Roosevelt recognized his advantage and pushed it hard. “Two weeks ago I said that we were facing an emergency more grave than that of war,” he declared at a Jefferson Day dinner in St. Paul, Minnesota. “This I repeat tonight.” He may well have been right, but he didn’t help matters by reminding Americans how frightened they should be. “A great fear has swept the country,” he said. “Normal times lull us into complacency. We become lazy and contented. Then with the coming of economic stress we feel the disturbing hand of fear. This fear spreads to the entire country, and with more or less unity we turn to our common government at Washington.”

So Roosevelt said, and so he hoped—at any rate about the turning to Washington. There were plenty of Americans who saw no compelling reason to look to the federal government, who accepted the Republican preference for relative inaction by government and for reliance on the business cycle to restore prosperity, if slowly. Yet Roosevelt could see that their number was shrinking and that the patience of America was wearing thin. His political strategy was based on a belief that America’s patience would wear out by November 1932.

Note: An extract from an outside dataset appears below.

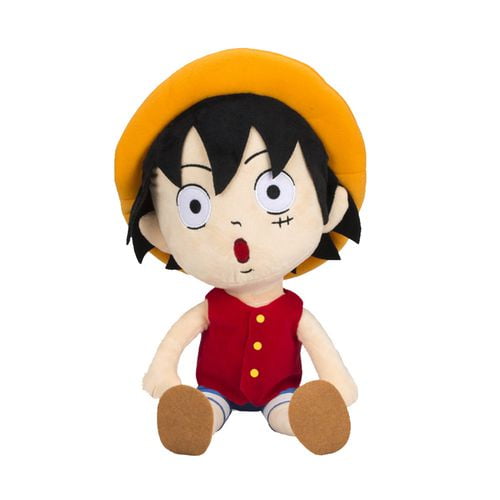 luffy plush doll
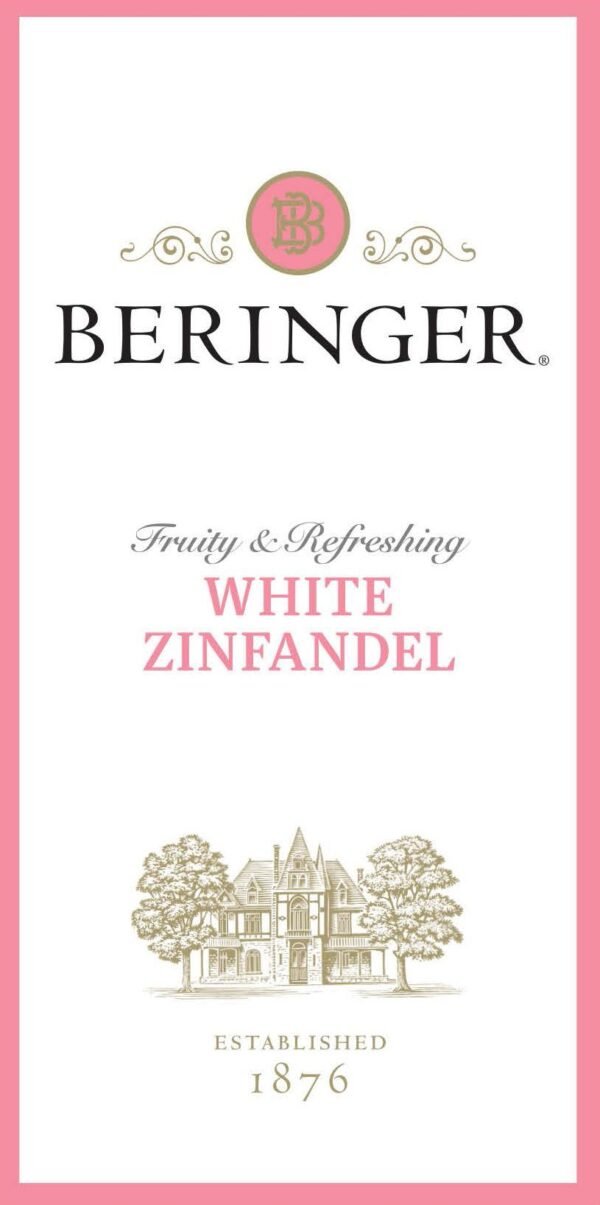 BERINGER WH/ZINFANDEL 750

In Atlanta in May he offered the clearest view of where he intended to take the country should he be elected president. His commencement address at Oglethorpe University was longer on substance than many such speeches, and the graduates, most wondering how they would find jobs in an economy already oversupplied with workers, listened carefully. “As you have viewed this world of which you are about to become a more active part,” Roosevelt said, “I have no doubt that you have been impressed by its chaos, its lack of plan. Perhaps some of you have used stronger language. And stronger language is justified.” Lack of planning was the bane of the modern American economy, which regularly produced tremendous waste. Some of the waste was the necessary consequence of technological change, Roosevelt granted. “But much of it, I believe, could have been prevented by greater foresight and by a larger measure of social planning.” The depression revealed the extent of the waste. “Raw materials stand unused, factories stand idle, railroad traffic continues to dwindle, merchants sell less and less, while millions of able-bodied men and women, in dire need, are clamoring for the opportunity to work.”

Experts and amateurs adduced various causes for the depression, Roosevelt said, and they prescribed remedies that followed from their explanations. Some blamed the business cycle and counseled patience to let the cycle turn further, to renewed prosperity. Others looked backward to the World War and outward to the international economy and advocated rescheduling debts and reparations and manipulating exchange rates and currency flows.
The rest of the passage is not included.